▶ **Brief**
Return each line of the records with nothing changed, pictures excepted.

Data to examine Block Start

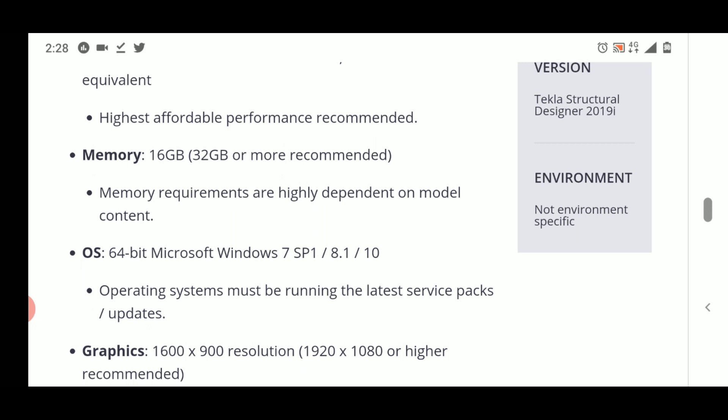If you just want to learn, the minimum RAM you should have is 8 GB. If you have less than 8 GB, the system may slow down. For smaller structures or buildings up to G+4, 8 GB RAM will work, but if you want to use it professionally without issues, you should have a minimum of 16 GB RAM.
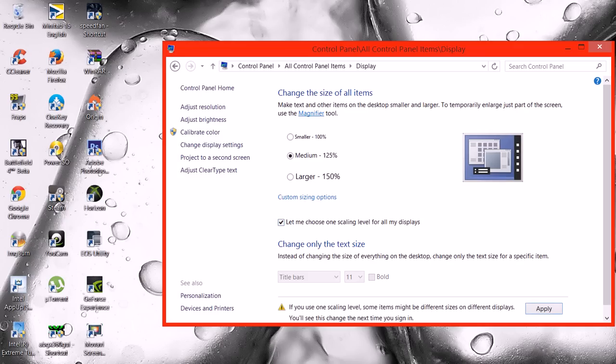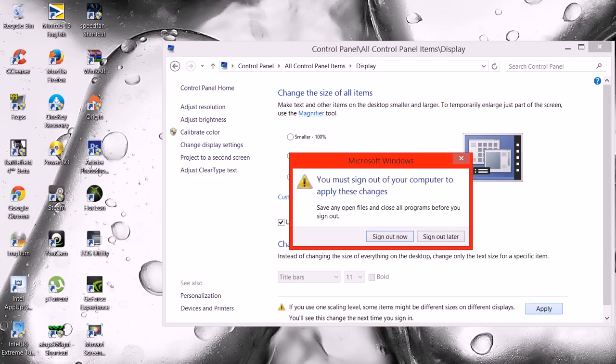You check that box and then make sure it's set to Medium and hit Apply. And then it's going to ask you to sign out, and then once you sign back in, it'll be exactly how you had it before.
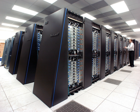The Cray-2 was liquid cooled, and used a fluorinate cooling waterfall, which was forced through the modules under pressure. However, the submerged liquid cooling approach was not practical for the multi-cabinet systems based on off-the-shelf processors.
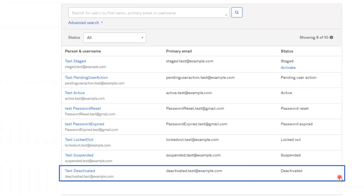Finally, the last status is deactivated. Accounts have a deactivated status when an admin explicitly deactivates or deprovisions them. All application assignments are removed and the password is permanently deleted. Users in this status can be reactivated, but they'll need to set up their password and any other authenticators again during their first login.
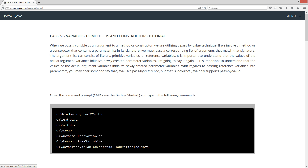It is important to understand that the values of the actual argument variables initialize newly created parameter variables. With regards to passing reference variables into parameters, you may hear someone say that Java uses pass-by-reference, but that is incorrect. Java only supports pass-by-value.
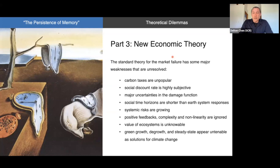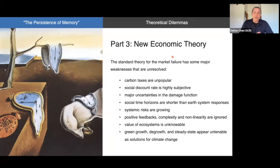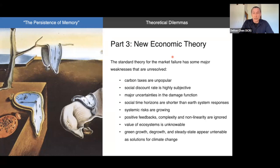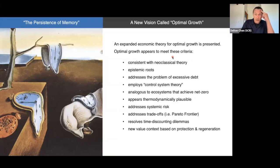Green growth, degrowth, and steady state models from ecological economics appear to be untenable as solutions to climate change, in my opinion. Green growth proposes innovative finance but doesn't scale up to provide exponential change. Degrowth has issues — it's unclear how it'd be implemented, what the policy is, or how we manage energy, debt, and the financial system. Steady state has weaknesses too: how do you implement it, who's in charge, what policy would it require? Does it require giving up capitalism for some form of socialism? The economic theory I'm presenting appears to offer an alternative and some answers.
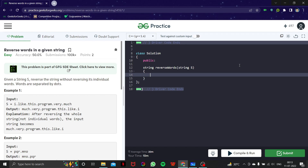Hello everyone, and welcome to another video of our string series. In this video we are going to look at another problem, and this problem is going to be really interesting because in this lecture we would basically be dealing with two questions at once. The question is: reverse words in a given string.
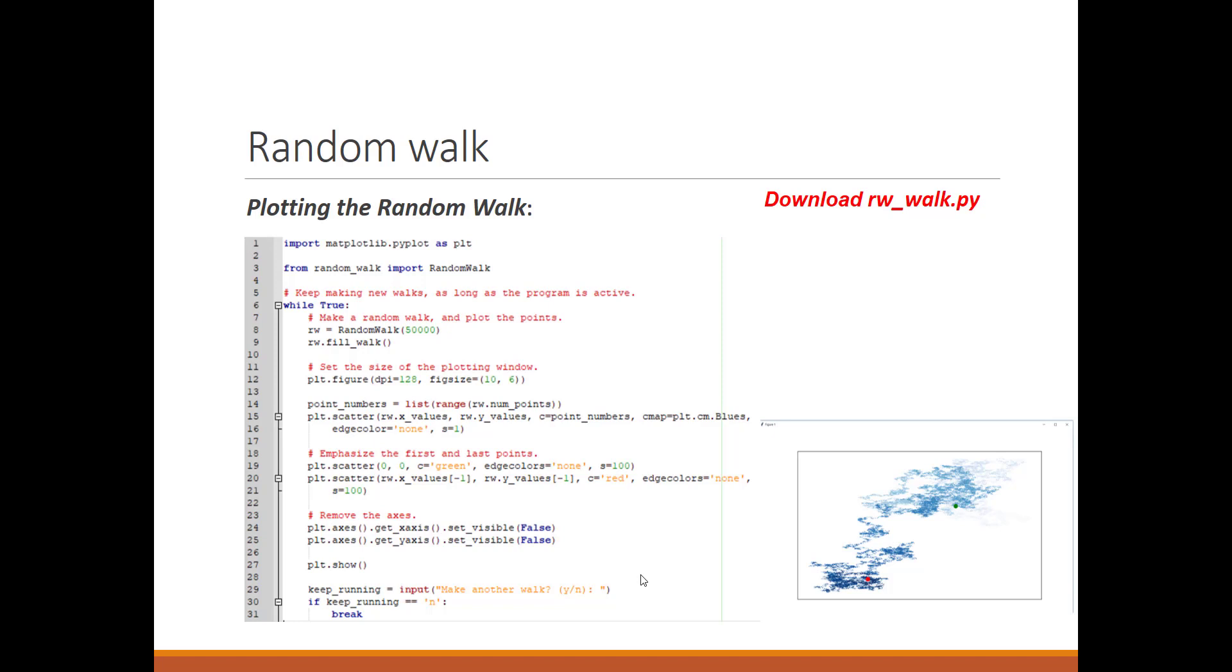Now we want to plot this. We use matplotlib as PLT and import the class we just wrote. We repeat this for 50,000 times, so we get 50,000 points in a while loop. Here we have PLT.figure that specifies the plotting window's characteristics. DPI represents the resolution—128 is pretty good resolution. You can increase or decrease depending on the quality of pictures you want.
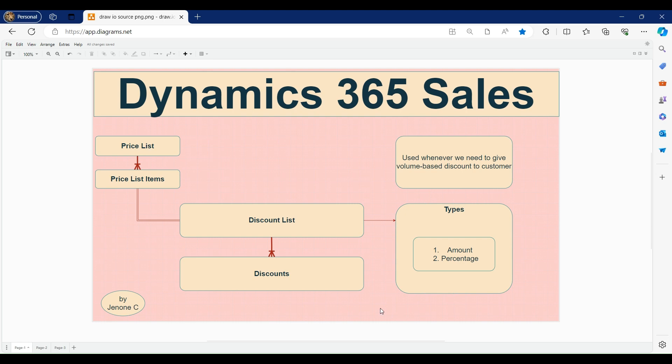Hello everyone, welcome back to this video tutorial of Dynamics 365 Sales. In this video we will discuss about discount list and discounts. In the previous videos we talked about price list, price list items, and how to associate a price list with opportunity and how the pricing of opportunity products is affected. In this video we will discuss the continuation of that — discount list and discounts.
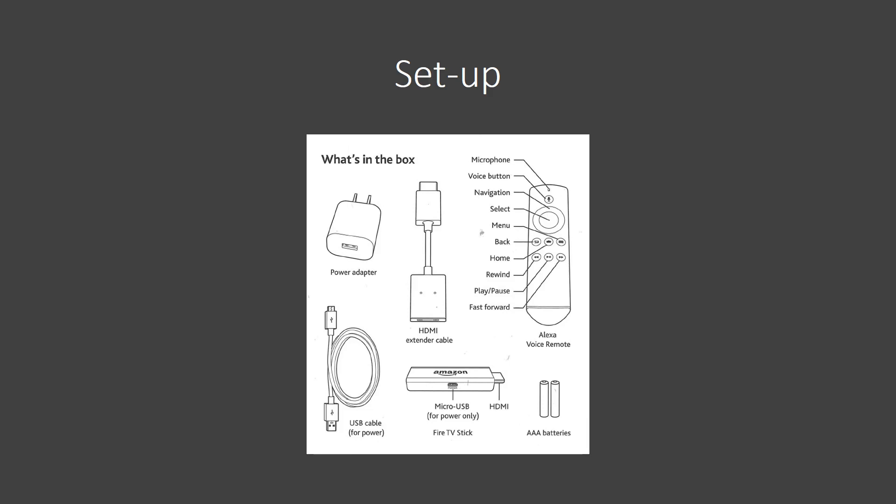You will be using the remote. You're going to be using the big circle near the top, just below the microphone. You'll use the outer circle to navigate and the inside button to select.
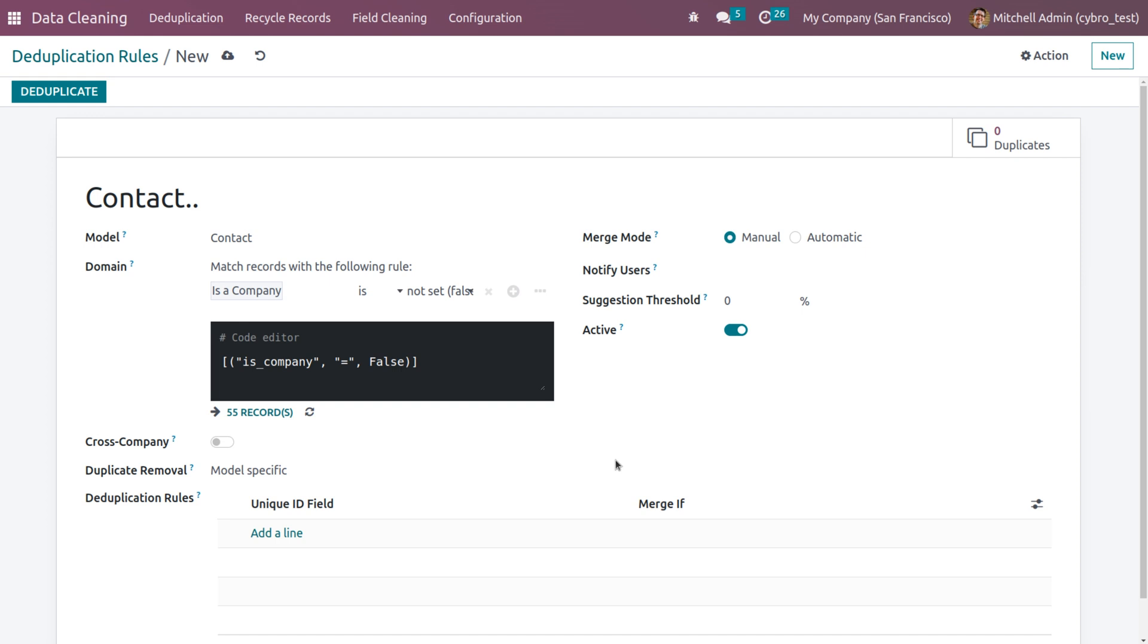If you choose merge model as manual, then the duplicates you need to merge manually. Otherwise, you can use automatic. When you use automatic as the merge model, then you have to set the similarity threshold.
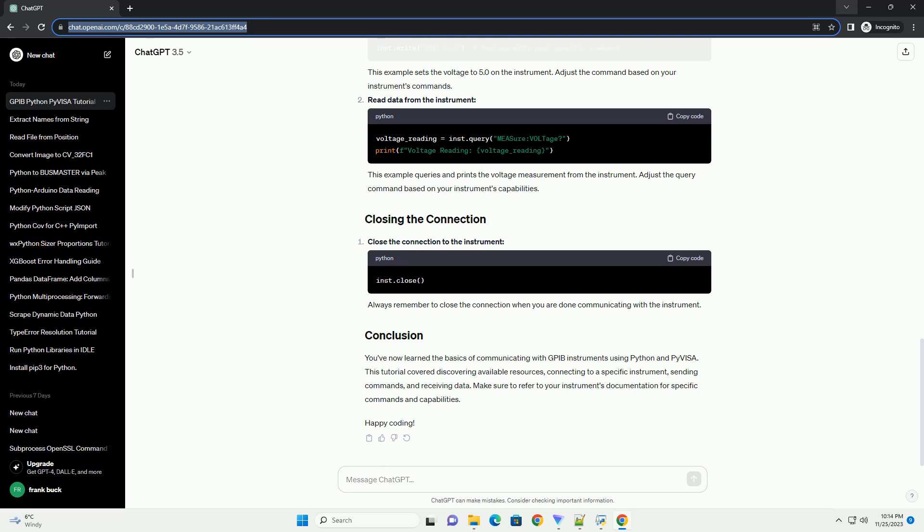Open a connection to a specific instrument. Make sure to replace the instrument address with the correct GPIB address of your instrument.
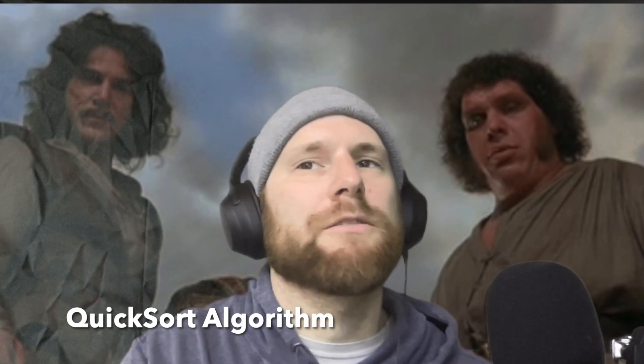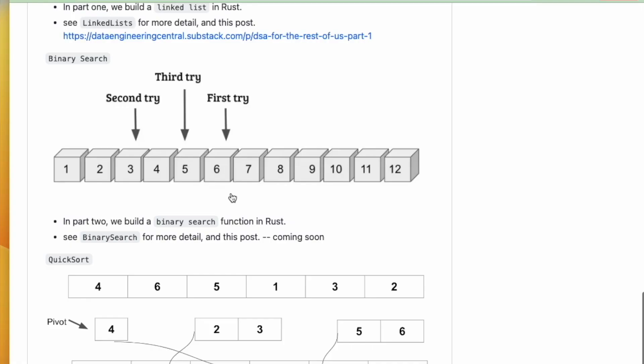What's up average engineers. Today I wanted to talk about quicksort — I want to continue my talk on DSA. I think I've done videos on linked list and binary search. Binary search is where you're searching for an item in a sorted list or array, which brings up the question: how do you actually sort an unordered list or array?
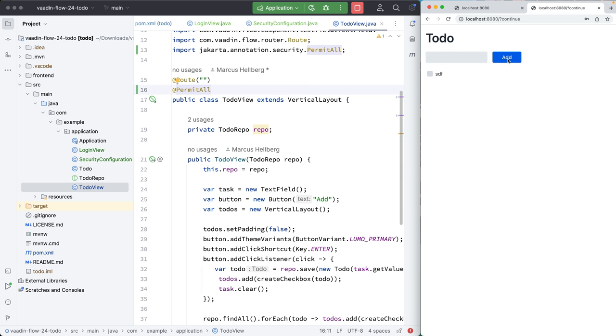So there you have it, setting up Spring Security in a Vaadin Flow project. Thanks for watching. See you in the next one.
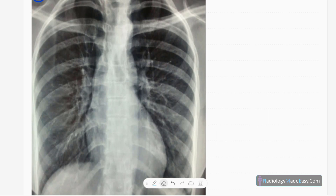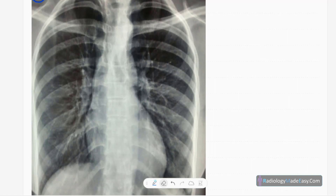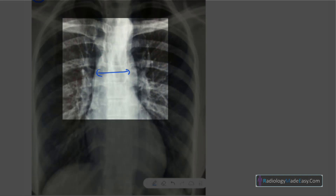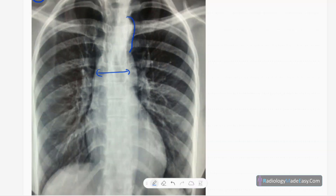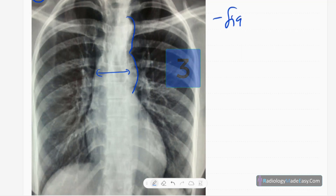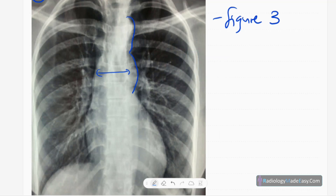At a glance you can't see any abnormality, but when you look closely you can see some subtle mediastinal widening here, and a prominent aortic knuckle also. You can see it has a figure-3 like appearance — figure-3 appearance is there. This is the aortic knuckle, and this is a focal dilatation of the descending thoracic aorta.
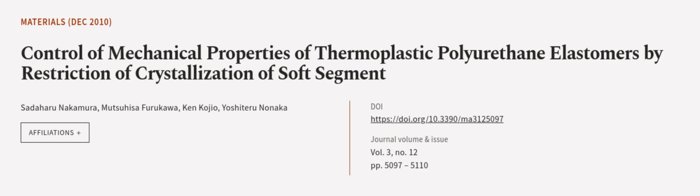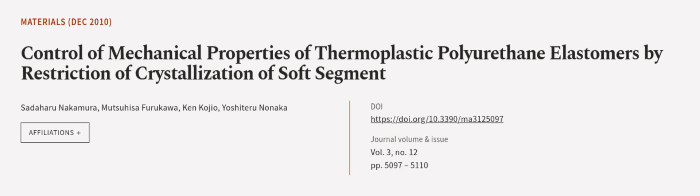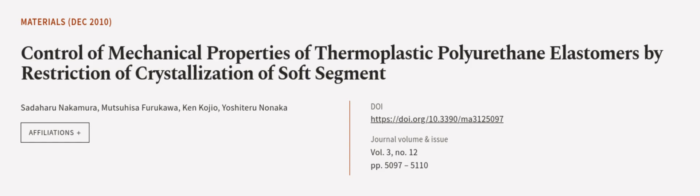This article was authored by Sadaharu Nakamura, Matsuhisa Furukawa, Ken Kojiyo, and others. We are article.tv. Links in the description below.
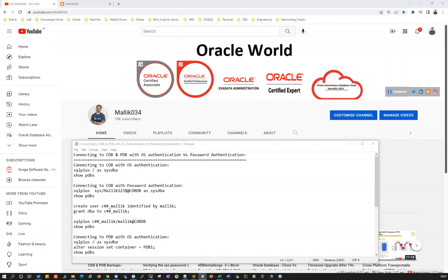Today I'm going to quickly demonstrate connecting to your container database and connecting to your pluggable database — CDBs and PDBs — with OS authentication and with password authentication. And then what are the different various methods to connect to these PDBs and CDBs, because the PDBs and CDBs are going to be feature-focused.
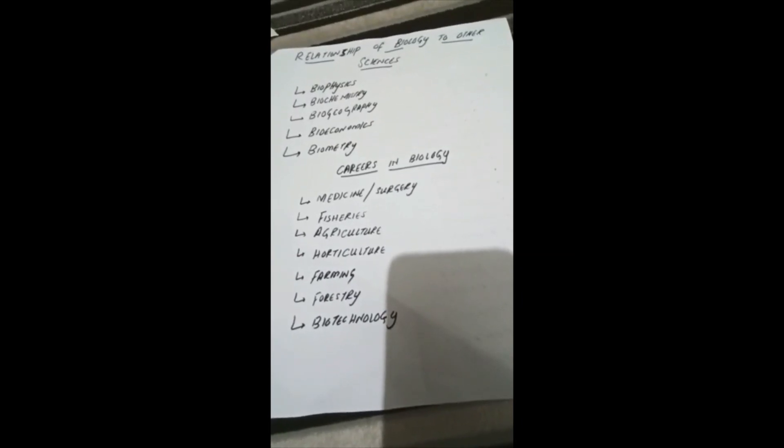Another very important field of biology is biotechnology. Biotechnology uses microorganisms for the welfare of mankind. This is all about chapter 1. Thank you.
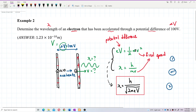In the first method, from the potential difference ΔV we find v first, then substitute into the de Broglie formula to get the wavelength. In the second method we use the combined equation directly. Let's go with the more direct one.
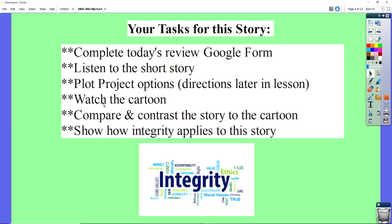Next week, you're going to watch the cartoon movie version of Rikki-Tikki-Tavi, because there is one. Then you're going to write a compare and contrast essay comparing the written story version to the cartoon version, and you're going to show how integrity applies to the story, because Rikki-Tikki-Tavi does show integrity. It's a lot to take in, but we're going to walk you through it day by day.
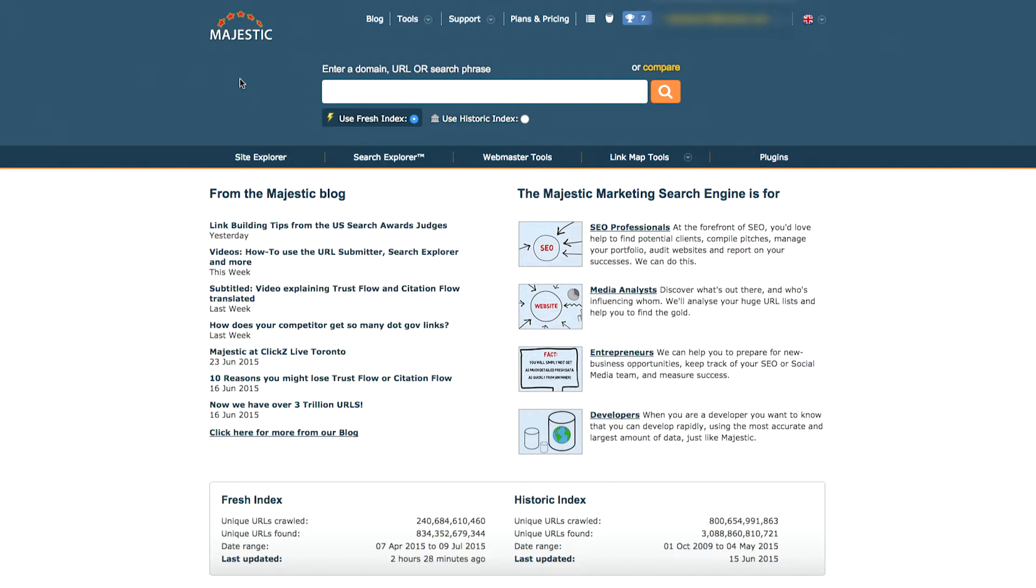Welcome to the Majestic How-To tutorial highlighting the Keyword Checker tool. In this video, you will learn how to analyze specific keywords or phrases and understand how often the terms have been used across the web and are noted within both of the Majestic indexes.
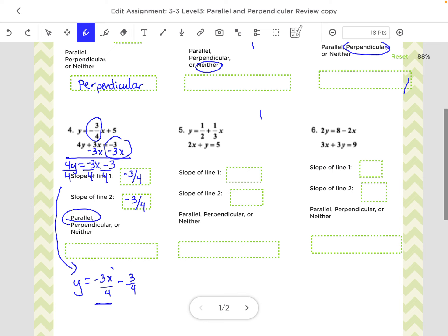Number 5: the slope is always the number in front of the x. Here it's 1 third. For the second one, we need to get y by itself, and I end up with y equals negative 2x plus 5. So the slope there is negative 2. Not the same, not parallel. They're not perpendicular either, because they're not reciprocals of each other. So this would be neither.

Data to examine Block End

▶ **Reply to the task**
If you just want to learn, the minimum RAM you should have is 8 GB. If you have less than 8 GB, the system may slow down. For smaller structures or buildings up to G+4, 8 GB RAM will work, but if you want to use it professionally without issues, you should have a minimum of 16 GB RAM.
You check that box and then make sure it's set to Medium and hit Apply. And then it's going to ask you to sign out, and then once you sign back in, it'll be exactly how you had it before.
The Cray-2 was liquid cooled, and used a fluorinate cooling waterfall, which was forced through the modules under pressure. However, the submerged liquid cooling approach was not practical for the multi-cabinet systems based on off-the-shelf processors.
Finally, the last status is deactivated. Accounts have a deactivated status when an admin explicitly deactivates or deprovisions them. All application assignments are removed and the password is permanently deleted. Users in this status can be reactivated, but they'll need to set up their password and any other authenticators again during their first login.
It is important to understand that the values of the actual argument variables initialize newly created parameter variables. With regards to passing reference variables into parameters, you may hear someone say that Java uses pass-by-reference, but that is incorrect. Java only supports pass-by-value.
Green growth, degrowth, and steady state models from ecological economics appear to be untenable as solutions to climate change, in my opinion. Green growth proposes innovative finance but doesn't scale up to provide exponential change. Degrowth has issues — it's unclear how it'd be implemented, what the policy is, or how we manage energy, debt, and the financial system. Steady state has weaknesses too: how do you implement it, who's in charge, what policy would it require? Does it require giving up capitalism for some form of socialism? The economic theory I'm presenting appears to offer an alternative and some answers.
Hello everyone, and welcome to another video of our string series. In this video we are going to look at another problem, and this problem is going to be really interesting because in this lecture we would basically be dealing with two questions at once. The question is: reverse words in a given string.
Now we want to plot this. We use matplotlib as PLT and import the class we just wrote. We repeat this for 50,000 times, so we get 50,000 points in a while loop. Here we have PLT.figure that specifies the plotting window's characteristics. DPI represents the resolution—128 is pretty good resolution. You can increase or decrease depending on the quality of pictures you want.
Hello everyone, welcome back to this video tutorial of Dynamics 365 Sales. In this video we will discuss about discount list and discounts. In the previous videos we talked about price list, price list items, and how to associate a price list with opportunity and how the pricing of opportunity products is affected. In this video we will discuss the continuation of that — discount list and discounts.
You will be using the remote. You're going to be using the big circle near the top, just below the microphone. You'll use the outer circle to navigate and the inside button to select.
If you choose merge model as manual, then the duplicates you need to merge manually. Otherwise, you can use automatic. When you use automatic as the merge model, then you have to set the similarity threshold.
Open a connection to a specific instrument. Make sure to replace the instrument address with the correct GPIB address of your instrument.
What's up average engineers. Today I wanted to talk about quicksort — I want to continue my talk on DSA. I think I've done videos on linked list and binary search. Binary search is where you're searching for an item in a sorted list or array, which brings up the question: how do you actually sort an unordered list or array?
So there you have it, setting up Spring Security in a Vaadin Flow project. Thanks for watching. See you in the next one.
At a glance you can't see any abnormality, but when you look closely you can see some subtle mediastinal widening here, and a prominent aortic knuckle also. You can see it has a figure-3 like appearance — figure-3 appearance is there. This is the aortic knuckle, and this is a focal dilatation of the descending thoracic aorta.
This article was authored by Sadaharu Nakamura, Matsuhisa Furukawa, Ken Kojiyo, and others. We are article.tv. Links in the description below.
Today I'm going to quickly demonstrate connecting to your container database and connecting to your pluggable database — CDBs and PDBs — with OS authentication and with password authentication. And then what are the different various methods to connect to these PDBs and CDBs, because the PDBs and CDBs are going to be feature-focused.
Another very important field of biology is biotechnology. Biotechnology uses microorganisms for the welfare of mankind. This is all about chapter 1. Thank you.
In the first method, from the potential difference ΔV we find v first, then substitute into the de Broglie formula to get the wavelength. In the second method we use the combined equation directly. Let's go with the more direct one.
Next week, you're going to watch the cartoon movie version of Rikki-Tikki-Tavi, because there is one. Then you're going to write a compare and contrast essay comparing the written story version to the cartoon version, and you're going to show how integrity applies to the story, because Rikki-Tikki-Tavi does show integrity. It's a lot to take in, but we're going to walk you through it day by day.
Welcome to the Majestic How-To tutorial highlighting the Keyword Checker tool. In this video, you will learn how to analyze specific keywords or phrases and understand how often the terms have been used across the web and are noted within both of the Majestic indexes.
Number 5: the slope is always the number in front of the x. Here it's 1 third. For the second one, we need to get y by itself, and I end up with y equals negative 2x plus 5. So the slope there is negative 2. Not the same, not parallel. They're not perpendicular either, because they're not reciprocals of each other. So this would be neither.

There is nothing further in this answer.